The dataset is the core object you will be manipulating in Data Science Studio. A dataset is a series of records with the same schema. It is quite analogous to a table in the SQL world.

Data Science Studio supports various kinds of datasets. For example :

  • A SQL table or custom SQL query
  • A collection in MongoDB
  • A folder with data files on your server
  • A folder with data files on a Hadoop cluster.

Recipes

Recipes are the building blocks of your data applications. Each time you make a transformation, an aggregation, a join, … with the Data Science Studio, you will be creating a recipe.

Recipes have input datasets and output datasets, and they indicate how to create the output datasets from the input datasets.

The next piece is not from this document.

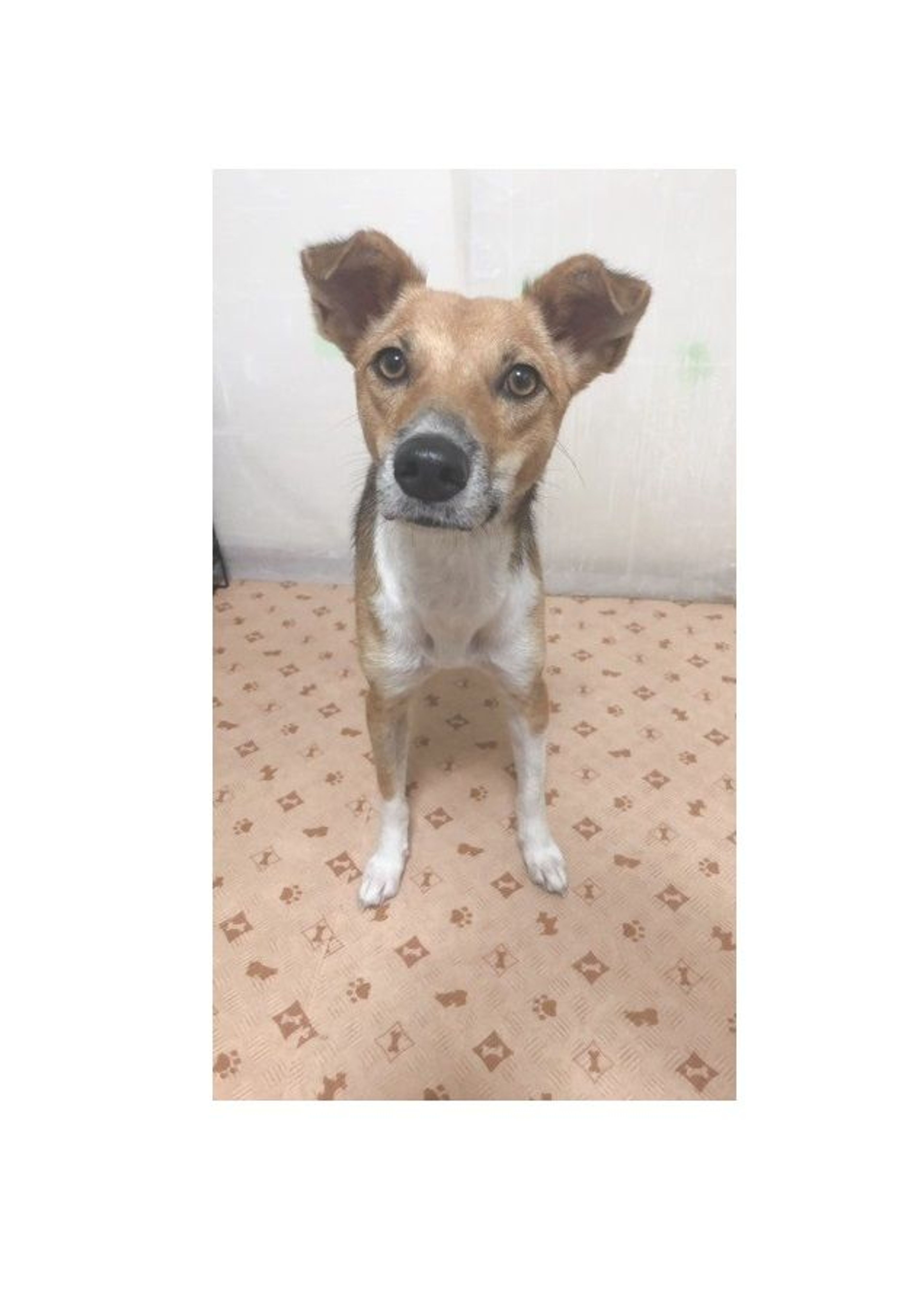 雑種（ミックス犬）・メスの里親募集の写真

Data Science Studio supports various kind of recipes :

  • Executing a data preparation script defined visually within the Studio
  • Executing a SQL query
  • Executing a Python script (with or without the use of the Pandas library)
  • Executing a Pig script
  • Executing a Hive query
  • Synchronizing the content of input to output datasets

Building datasets

Recipes and datasets together create the graph of the relationships between the datasets and how to build them. This graph is called the Flow. It is used by the dependencies management engine to automatically keep your output datasets up to date each time your input datasets or recipes are modified.

 
Managed and external datasets

Data Science Studio reads data from the outside world in “external” datasets. On the other hand, when you use the Data Science Studio to create new datasets from recipes, these new datasets are “managed” datasets. This means that Data Science Studio “takes ownership” of these output datasets. For example, if the managed dataset is a SQL dataset, Data Science Studio will be able to drop / create the table, change its schema, ...

Managed datasets are created by Data Science Studio in “managed connections”, which act as data stores. Managed datasets can be created:

  • On the filesystem of the Data Science Studio server
  • On Hadoop HDFS
  • In a SQL database
  • On Amazon S3

Partitioning

Partitioning serves several purposes in Data Science Studio. Partitioning refers to the splitting of the dataset along meaningful dimensions. Each partition contains a subset of the dataset.

For example, a dataset representing a database of customers could be partitioned by country.

There are two kinds of partitioning dimensions :

  • “Discrete” partitioning dimension. The dimension has a small number of values. For example : country, business unit
  • “Time” partitioning dimension. The dataset is divided in fixed periods of time (year, month, day or hour). Time partitioning is the most common pattern when dealing with log files.

A dataset can be partitioned by more than one dimension. For example, a dataset of web logs could be partitioned by day and by the server which generated the log line.